Kaygusuz Abdal Nasihatname
Abdâl Mûsâ Sultân hazretleri, meşhûr Nasîhatnâme’sinde şöyle buyurmaktadır:
“Evvel sırrını kâvî sakla, çok söyleme. Mu’în ol, gavgalu yerden kaç. Bilmedigün kişiye mukarin olma, düşmanlığı sâbit olan kişi ile dost olma. Bir kimesnenün başuna gelen musîbetine gülme. Senden ulu kimesne ile mücâdele itme. Müstakîm ol, musîbete sabr eyle. Evvel fîkr idüb ba’dehu söyle. Her gılmâna ve avretlere sırr ve söz söyleme. İbâdete ve mâla güvenme. Halîm ve selîm ol. Münkîre gönül virme, evliyâu’llâhın kelâmın münkîre söyleme. Dünyâya meyl virme, bir menfeât uğruna başkasına dervişlik satma.

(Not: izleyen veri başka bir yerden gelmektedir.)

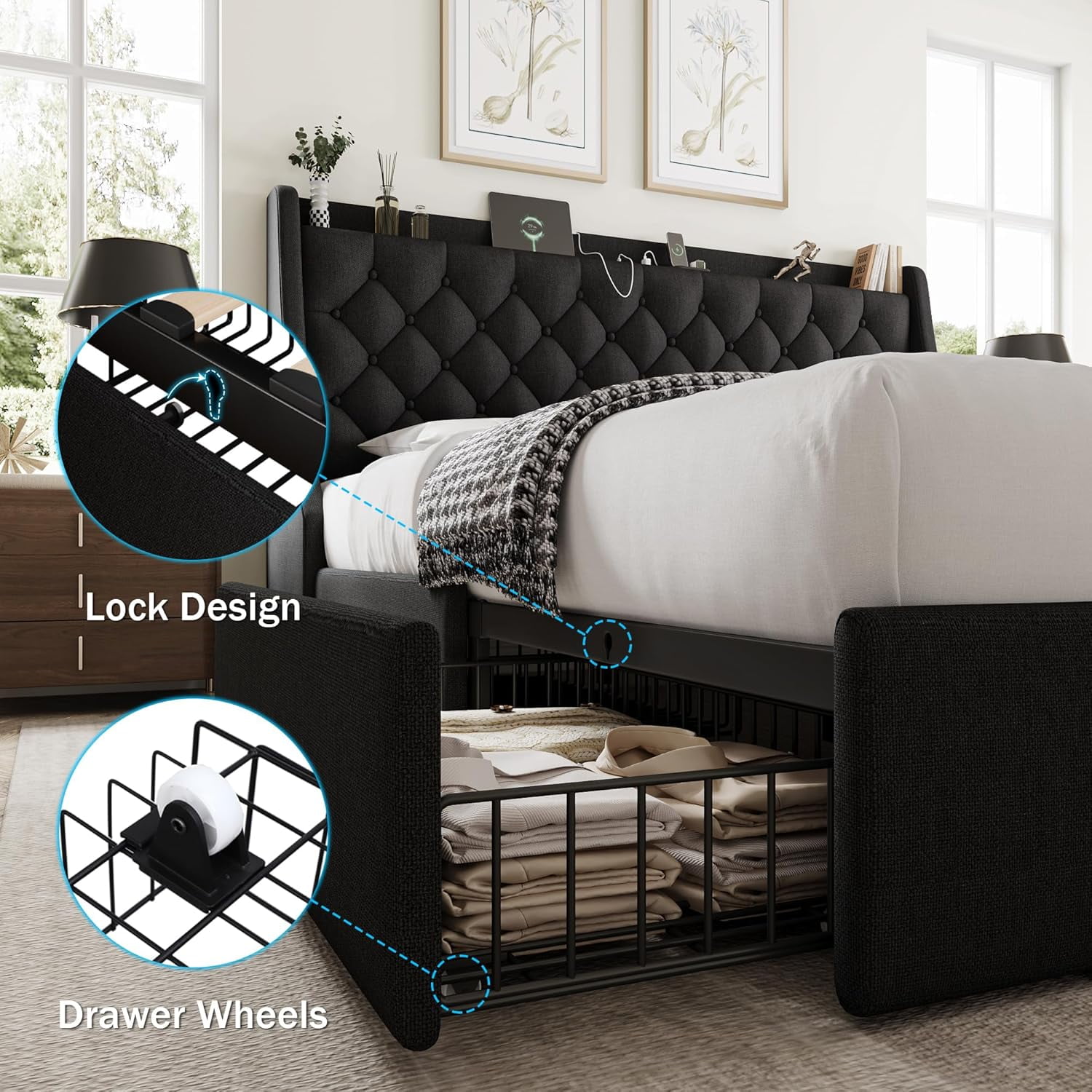 Galnfu King Size Bed Frame with 4 Storage Drawers, Giant Upholstered Wingback Headboard, Fast Charging Station, No Box Spring Needed, Noise-Free,Black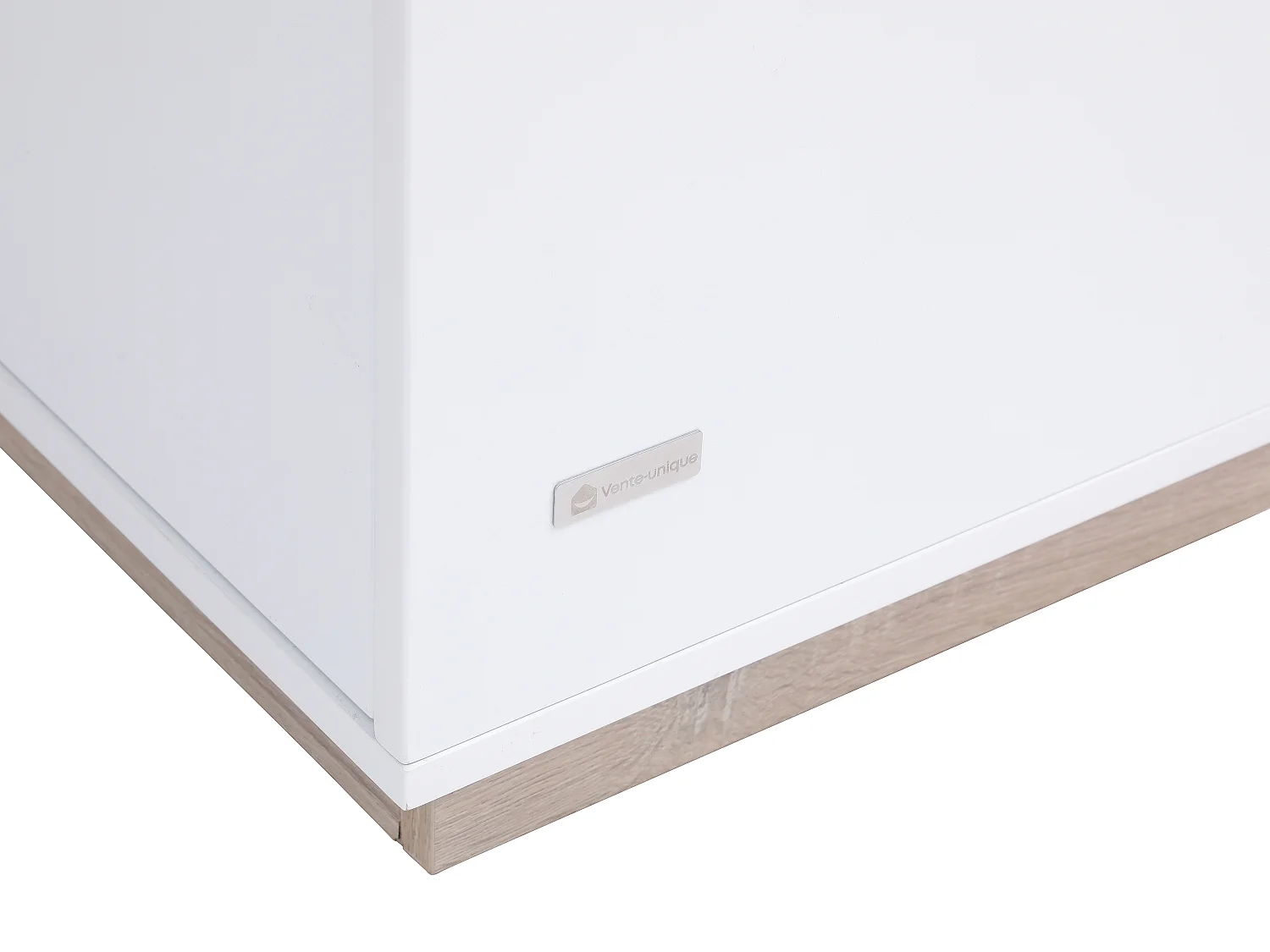 Meuble de bar avec rangements - Blanc et naturel - ANOSKI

Zâhir pâdişâhına karîb olma, bî-maslahat verir û ricâl katına varma. Bana eyü desinler diyü sûfîlik satma. Düşmânına yüz virme, her buldığına şûkr it. Cimâa zinhâr heves itme belki kırk günde bir yakın ol. Elden gelir ise yalınuz yemek yeme. Pîrdâşı, hak karındâşun bilegör; Evliyâu’llâhdan ve mürşidden ayrılma, Hakk dîvânundan ayrılma. Ahde vefâ it, vakti zâyi’ itme. Rasûlu’llâh ve ‘Alî evlâdına cân ü dilden mûhib ol, muhabbet söyle, dâimâ salavât ile yâd eyle. Ehlu’llâh ile muhabbet ider iken “eyvallâh, kerem buyurdunuz” diyü niyâz eyle,
Hz. Muhammed ve Hz. ‘Alî düşmanları kâfir û münkîrler ile muhabbet itme, zirâ Hakk dostları darılur. Zâhir imâmlara mu’în olanlara eyüdûr dime. Kendüye ziynet virme, gönlüne ziynet vir, kallâş, pîrsüz âdemler ile yoldaş olma, zirâ yol erkân bozılur. Yavuz olma, zirâ yigirmi dört sa’atde bin devre girersün, sakın sen o kimesnelerden olma. Zira o kimesneler bu devirlerün kankısında bulınur ise ol sıfatla haşr olur. Sen Allah yolunda ol! ve's-selâm”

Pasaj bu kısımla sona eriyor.